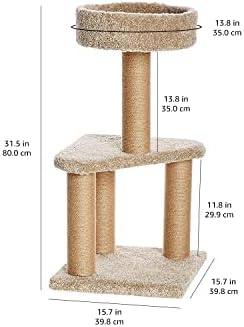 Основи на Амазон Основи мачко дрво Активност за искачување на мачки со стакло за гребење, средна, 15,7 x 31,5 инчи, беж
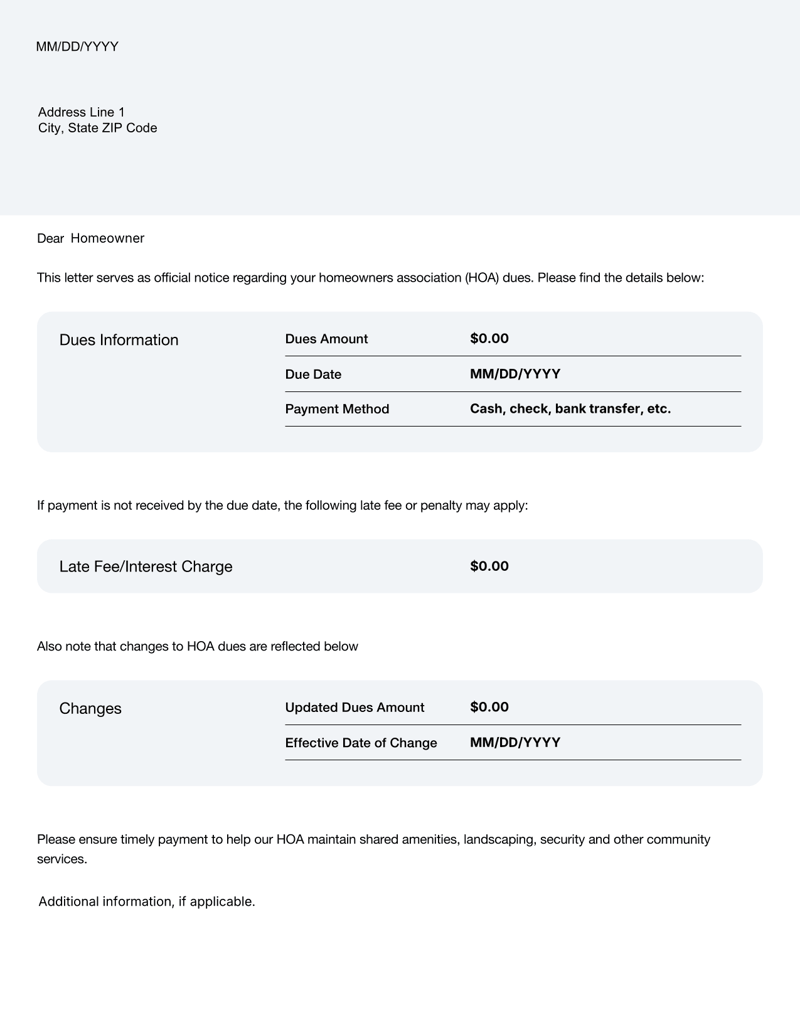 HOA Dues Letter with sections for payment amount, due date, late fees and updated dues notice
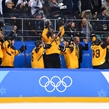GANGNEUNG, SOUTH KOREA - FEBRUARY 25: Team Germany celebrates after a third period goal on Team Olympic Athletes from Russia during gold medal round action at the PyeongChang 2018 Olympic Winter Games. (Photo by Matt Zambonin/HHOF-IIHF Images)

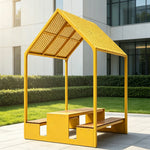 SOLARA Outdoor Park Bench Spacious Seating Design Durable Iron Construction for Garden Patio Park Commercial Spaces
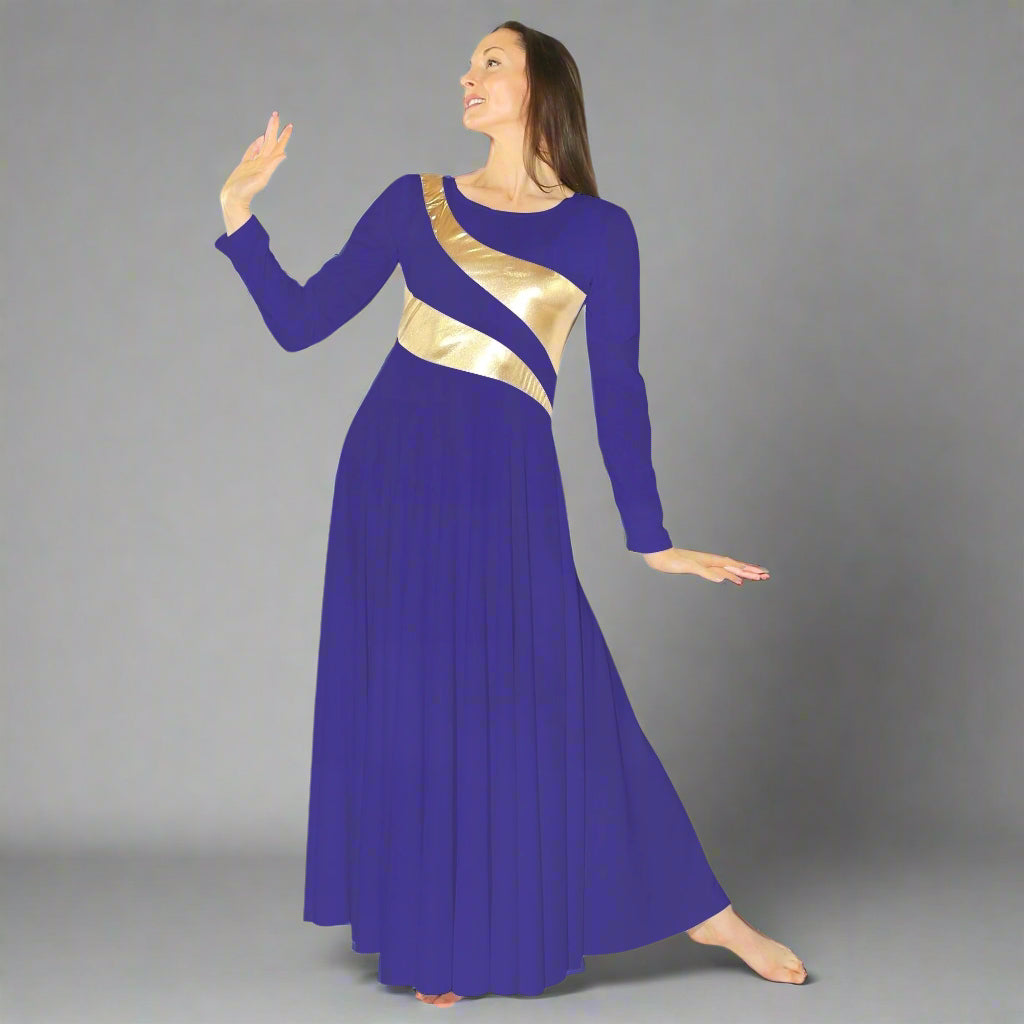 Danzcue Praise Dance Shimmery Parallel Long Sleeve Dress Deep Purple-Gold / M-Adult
──────────
» Task: Quote, please, every line of the material above from its start through the line that has "HOA Dues Letter", reproducing the words exactly and dropping any images.

» Problem solution:
 Основи на Амазон Основи мачко дрво Активност за искачување на мачки со стакло за гребење, средна, 15,7 x 31,5 инчи, беж
 HOA Dues Letter with sections for payment amount, due date, late fees and updated dues notice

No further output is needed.